AppScrobbler: A mobile application giving users insight into their app usage
This is the topic of my bachelor thesis I wrote at the Ubiquitous Media Technology Lab of the German Research Center for Artificial Intelligence (DFKI) in Saarbrücken, Germany, in the winter term 2013 / 2014.
These days, the distribution of smartphones and app diversity keep growing so that the numbers of apps and downloads are constantly increasing. But do users know how much time they actually spend on apps per day? This work involved the development of an Android application which should give users insight into their own app usage. It was part of the AppScrobbler project, which attempted to understand smartphone usage in context for different services.

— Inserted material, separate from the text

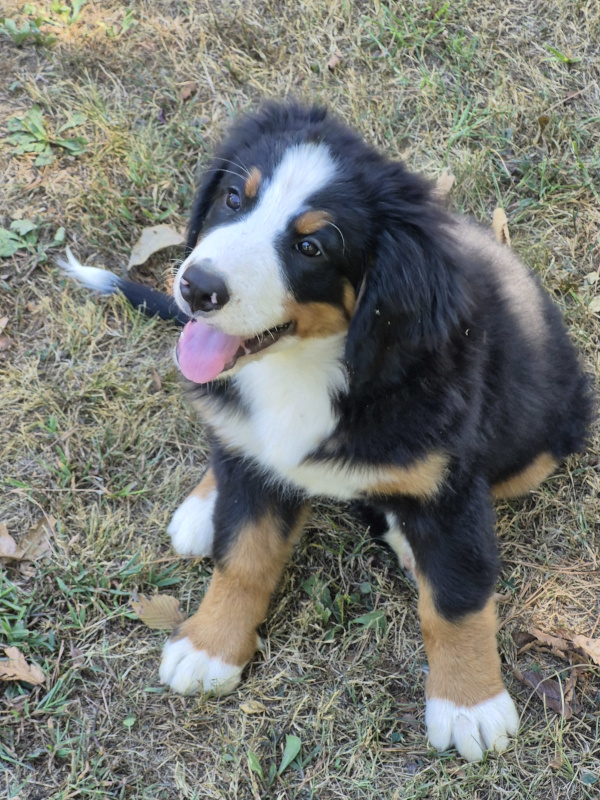 Bernese Mountain Dog puppy, Mavis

For the development of the app, the most comprehensible data visualisations needed to be discovered in order to allow users to draw sound conclusions. Data visualisation ideas were sketched on paper.
Then, these sketches were evaluated through a study which consisted of an informal, open-ended interview. Visualisations showing the most used apps, reachability information and stereotypes seemed very popular. However, there was a common lack of interest in the number of installed apps. Most participants raised privacy concerns, mainly about the constant location tracking. Some also wished to hide particular apps from their friends. Before the implementation, the user interface was designed using wireframes.
Several test versions were deployed and the received feedback owed into the further development following the iterative design process. Finally, the app was ready to be released to the public, but never was due to licensing issues of the underlying library.